> Problem details:
What you return must match the entries word for word, minus the pictures.

[Entries taken from a collection]
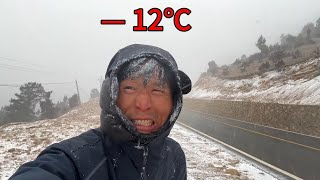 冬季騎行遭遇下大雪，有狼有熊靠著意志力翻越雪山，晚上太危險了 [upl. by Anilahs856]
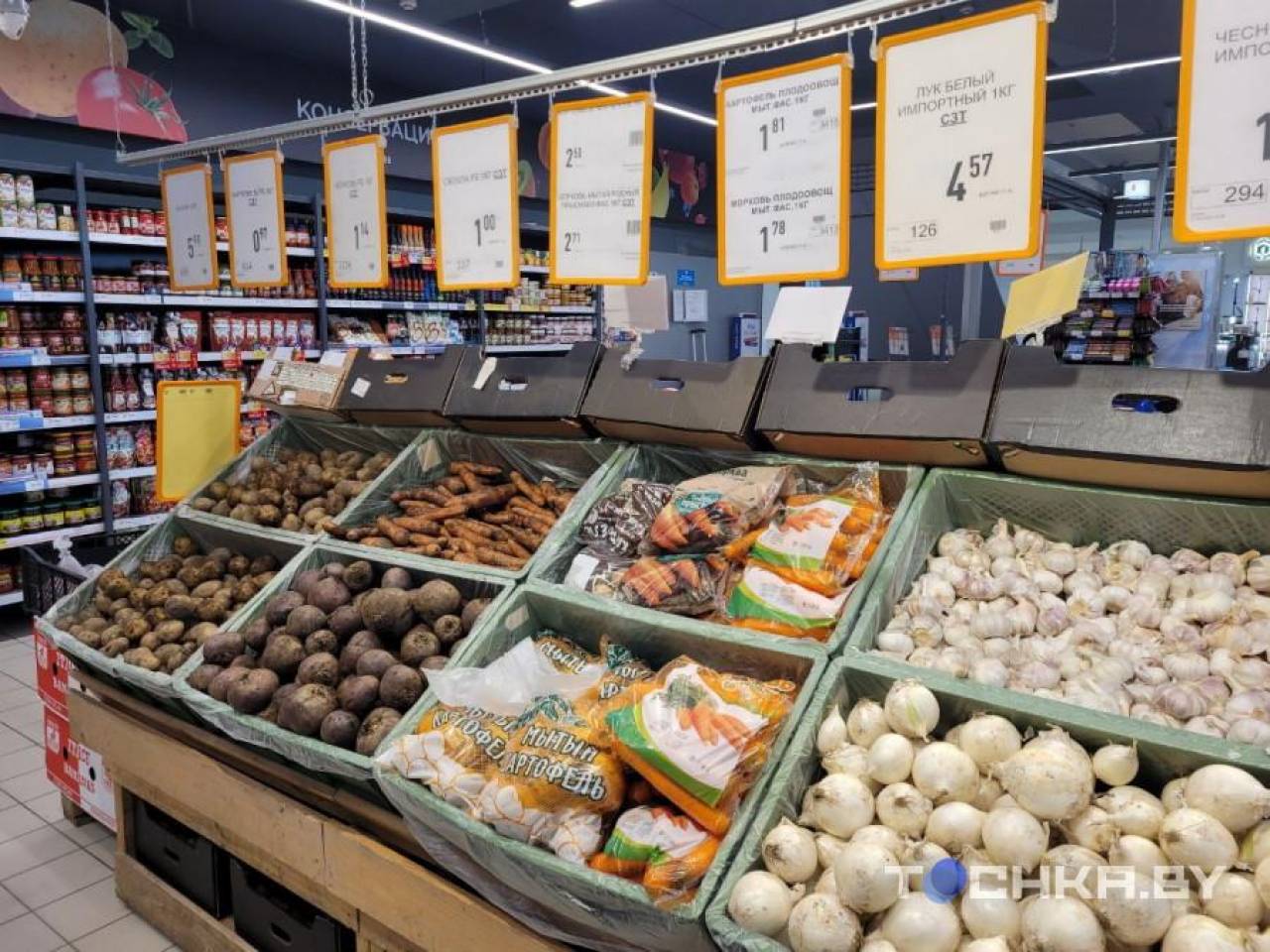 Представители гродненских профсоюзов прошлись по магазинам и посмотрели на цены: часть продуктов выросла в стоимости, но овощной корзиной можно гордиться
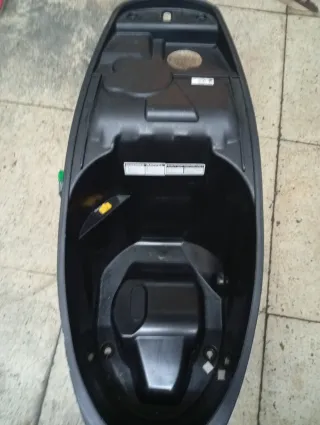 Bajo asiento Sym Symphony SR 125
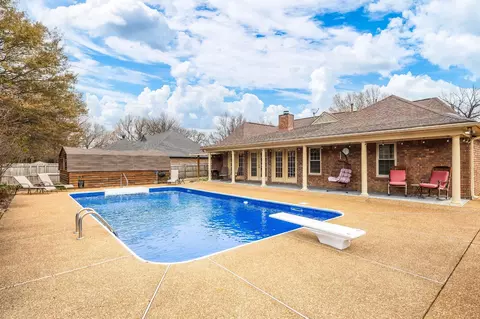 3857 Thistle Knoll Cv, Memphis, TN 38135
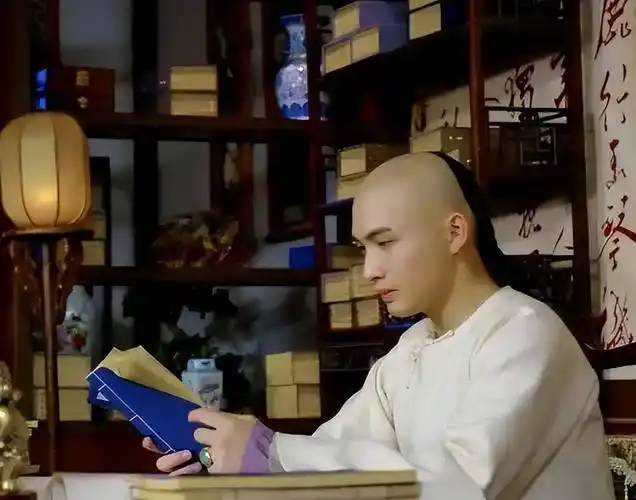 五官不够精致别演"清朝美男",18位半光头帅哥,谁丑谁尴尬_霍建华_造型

> Expected answer:
 冬季騎行遭遇下大雪，有狼有熊靠著意志力翻越雪山，晚上太危險了 [upl. by Anilahs856]
 Представители гродненских профсоюзов прошлись по магазинам и посмотрели на цены: часть продуктов выросла в стоимости, но овощной корзиной можно гордиться
 Bajo asiento Sym Symphony SR 125
 3857 Thistle Knoll Cv, Memphis, TN 38135
 五官不够精致别演"清朝美男",18位半光头帅哥,谁丑谁尴尬_霍建华_造型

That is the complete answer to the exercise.